Records supplied:
+ + + + + + +
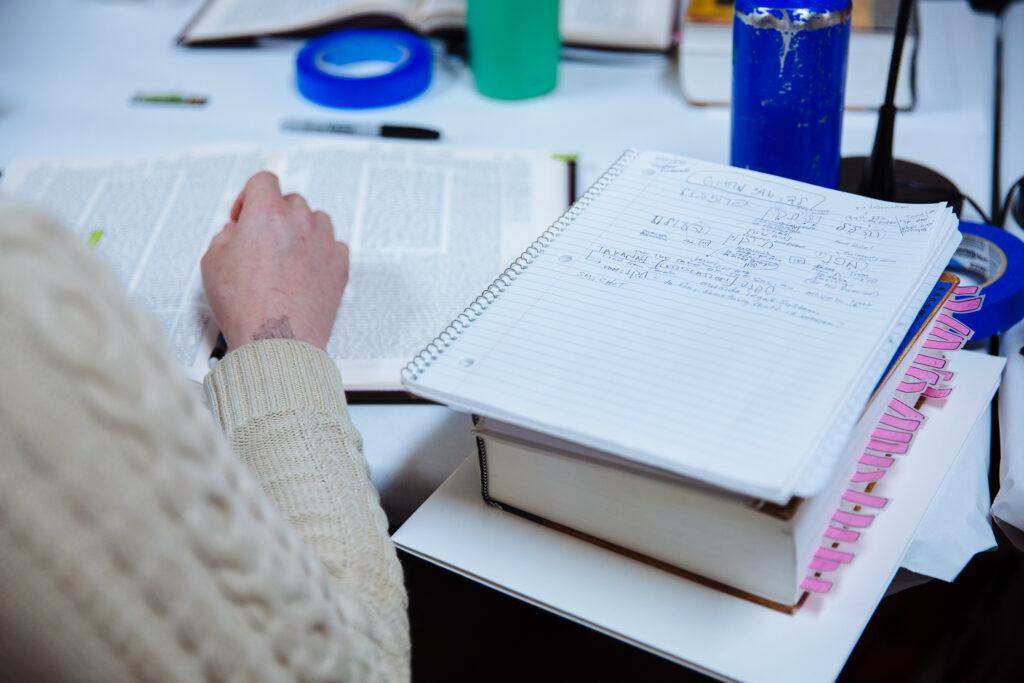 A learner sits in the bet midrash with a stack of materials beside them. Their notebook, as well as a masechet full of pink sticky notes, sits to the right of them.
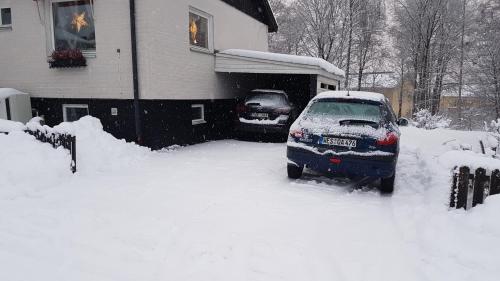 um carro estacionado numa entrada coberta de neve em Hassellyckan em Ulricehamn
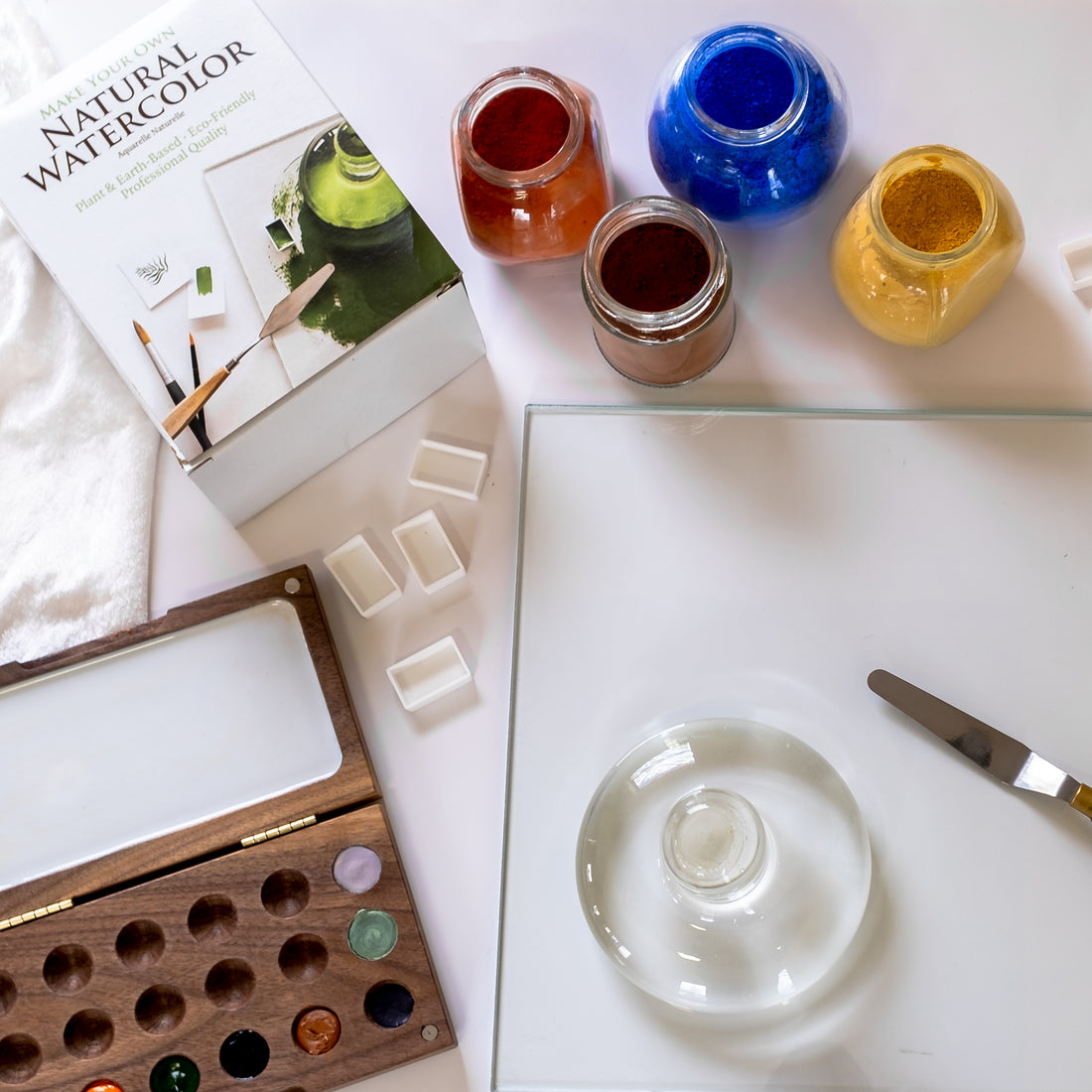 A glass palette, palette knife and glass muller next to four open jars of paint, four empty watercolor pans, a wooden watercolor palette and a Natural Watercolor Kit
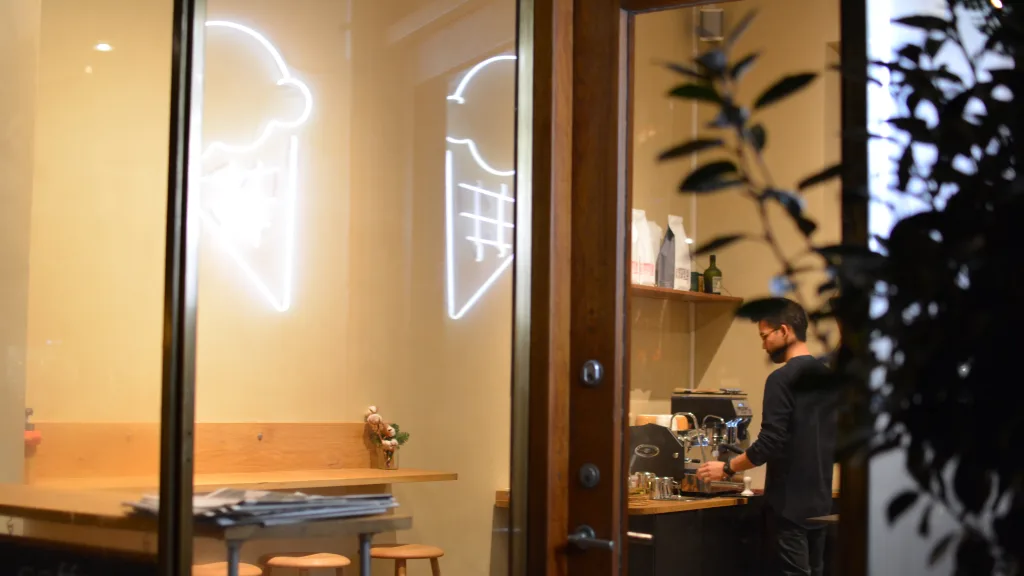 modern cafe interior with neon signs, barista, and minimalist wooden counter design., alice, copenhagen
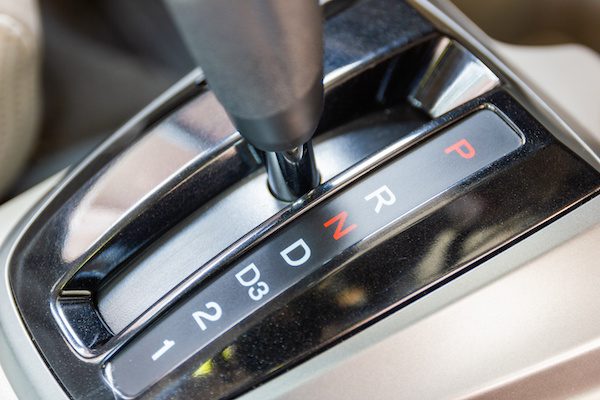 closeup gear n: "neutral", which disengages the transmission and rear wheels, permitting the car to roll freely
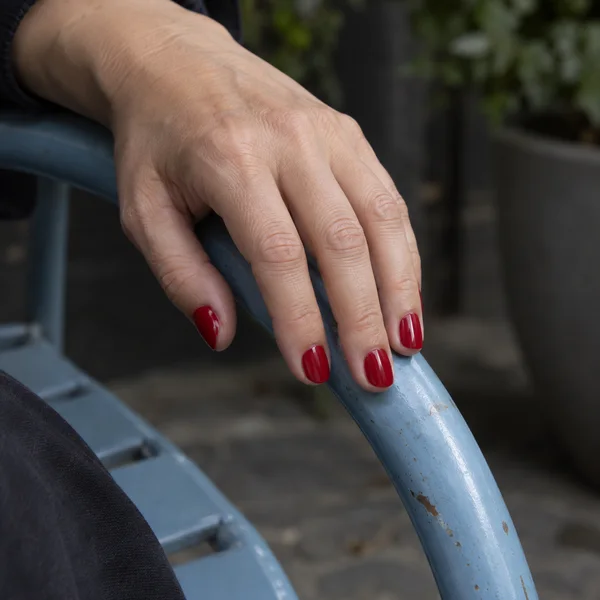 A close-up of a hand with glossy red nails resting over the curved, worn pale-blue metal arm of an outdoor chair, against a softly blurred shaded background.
+ + + + + + +
Task objective:
Only the lines from the start of the records to the one containing "to roll freely" should be repeated, exactly and with both ends kept; drop any pictures.

Answer to this task:
 A learner sits in the bet midrash with a stack of materials beside them. Their notebook, as well as a masechet full of pink sticky notes, sits to the right of them.
 um carro estacionado numa entrada coberta de neve em Hassellyckan em Ulricehamn
 A glass palette, palette knife and glass muller next to four open jars of paint, four empty watercolor pans, a wooden watercolor palette and a Natural Watercolor Kit
 modern cafe interior with neon signs, barista, and minimalist wooden counter design., alice, copenhagen
 closeup gear n: "neutral", which disengages the transmission and rear wheels, permitting the car to roll freely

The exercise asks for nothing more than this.